As análises moleculares conduzidas por Martin Forbes Ray (1995) e Fuertes-Aguilar et al. (2002) confirmaram que esta divisão é artificial uma vez que muitas espécies colocadas no género Lavatera estão mais próximas de Malva sylvestris (a espécie tipo do género Malva), do que outras espécies desse mesmo género e provou também que os frutos são fatores essenciais a considerar.
(espécie tipo Para evitar ambiguidade e permitir resolver eventuais conflitos de identificação, cada nome botânico é ligado a uma espécie tipo, quase sempre uma planta herborizada e arquivada num herbário de referência. Esses exemplares tipo têm um valor excepcional para a ciência, sendo disponibilizados pelos herbários seus detentores para análise e comparação sempre que surjam dúvidas ou haja necessidade de rever o taxon respectivo. Muitos desses exemplares têm hoje a sua imagem disponível na Internet” @Wikipedia).
Nesta conformidade as espécies destes dois géneros, juntamente com os géneros Alcea e Althaea, foram divididas em dois grupos, independentemente dos géneros em que tinham sido antes colocadas (exceção feita a Lavatera phoenicea, endémica das Canarias):
- Grupo de fruto Lavateroide, assim chamado porque o tipo de fruto em causa se encontra na Lavatera trimestris, a espécie tipo do seu género. Neste grupo estão incluídas as espécies cujos frutos apresentam mericarpos parcialmente fundidos, os quais permanecem aderentes ao carpóforo mas se abrem para libertar as sementes, quando maduras.

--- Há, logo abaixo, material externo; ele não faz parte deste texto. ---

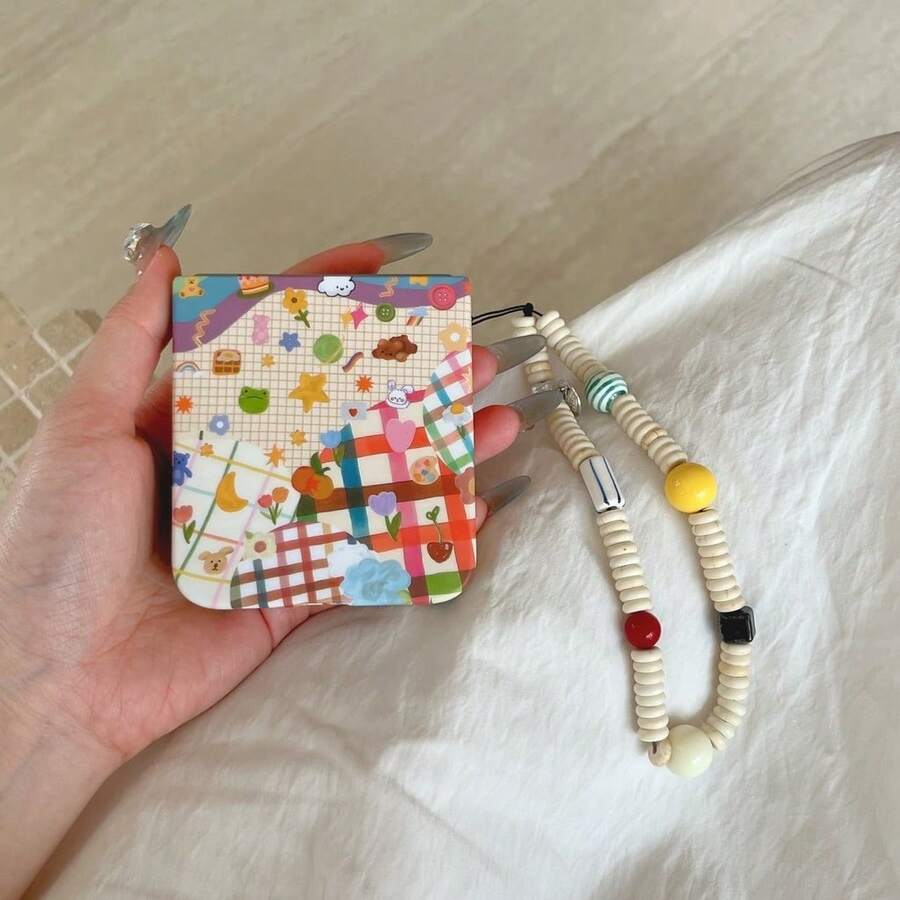 Cute Plaid Pattern Full Screen Animal Design Phone Case With Splatter Bead Chain Wrist Strap, Compatible With Samsung Galaxy ZFlip7 Z Flip6 ZFlip 5 Zflip6 Zflip5, Shockproof Back Cover - Off-white - View 1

- Grupo de fruto malvoide, que tem como espécie tipo a Malva sylvestris. Neste caso os frutos possuem esquizocarpos com mericarpos de arestas marcadas e paredes espessas que não libertam a semente mas que se destacam do carpóforo quer separadamente, quer no seu conjunto, sem deixar resíduos.
De notar que os frutos malvoide e lavateroide são, contudo, encontrados tanto em espécies do género Malva como do género Lavatera, independentemente da sua classificação genérica.
Em consequência, as espécies incluídas no grupo Malvoide foram transferidas para o género Malva, embora permaneçam duvidas pelo facto de algumas espécies apresentarem frutos com morfologia intermédia. Em muitos artigos a transferência de Lavatera trimestris é também dada como certa. 
Link http://www.theplantlist.org/tpl/record/kew-2504047
Muitas espécies do grupo Lavateroide continuam em duvida pois formam um grupo mais heterogéneo, muitas delas não tendo ainda sido analisadas sob o ponto de vista genético. Contudo, uma vez que não parece praticável subdividir o grupo Lavateroide em muitos géneros, há botânicos que propõem incluir todas as espécies num único género, Malva. A desvantagem desta transferência seria o facto de Malva L. se transformar num género morfologicamente muito diversificado e de difícil identificação. Por outro lado as vantagens de tal classificação prevalecem claramente uma vez que todas as espécies reunidas no género Malva passariam a representar um grupo monofilético único, contendo todas as espécies descendentes do seu ancestral comum.
Muitos outros fatores estão em causa para além do acima exposto mas uma coisa é certa, os taxonomistas não vão ter vida fácil para desenredar esta “meada”, que acresce a tantas e tantas outras situações intrincadas. Resta-nos desejar e esperar que haja mais cientistas interessados e meios que tornem possível a tomada de medidas acertadas.